HOW TO COMPLETE THIS TASK:
Please write the listing below out again exactly, leaving every picture behind.

MATERIAL PROVIDED:
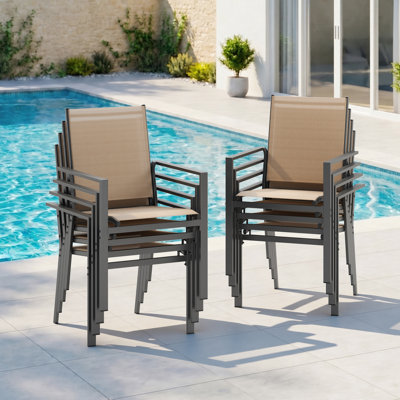8-Piece Outdoor Dining Armchairs, Stackable Dining Chairs For All Weather For Backyard, Garden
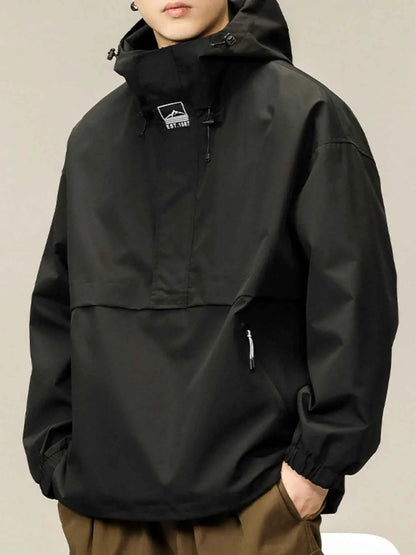 Men's Plus Size Long Sleeve Hooded Jacket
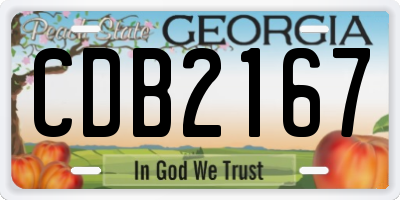 GA license plate CDB2167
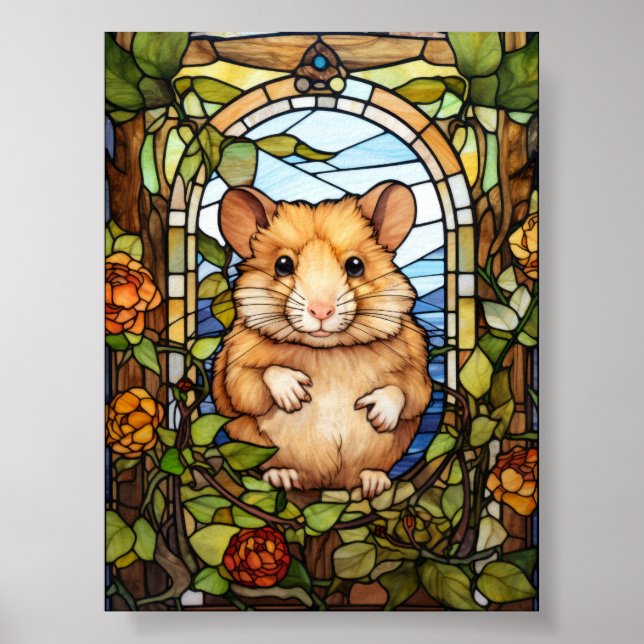 Cute Hamster Stained Glass Window Design Poster (Front)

WRITTEN SOLUTION:
8-Piece Outdoor Dining Armchairs, Stackable Dining Chairs For All Weather For Backyard, Garden
 Men's Plus Size Long Sleeve Hooded Jacket
 GA license plate CDB2167
 Cute Hamster Stained Glass Window Design Poster (Front)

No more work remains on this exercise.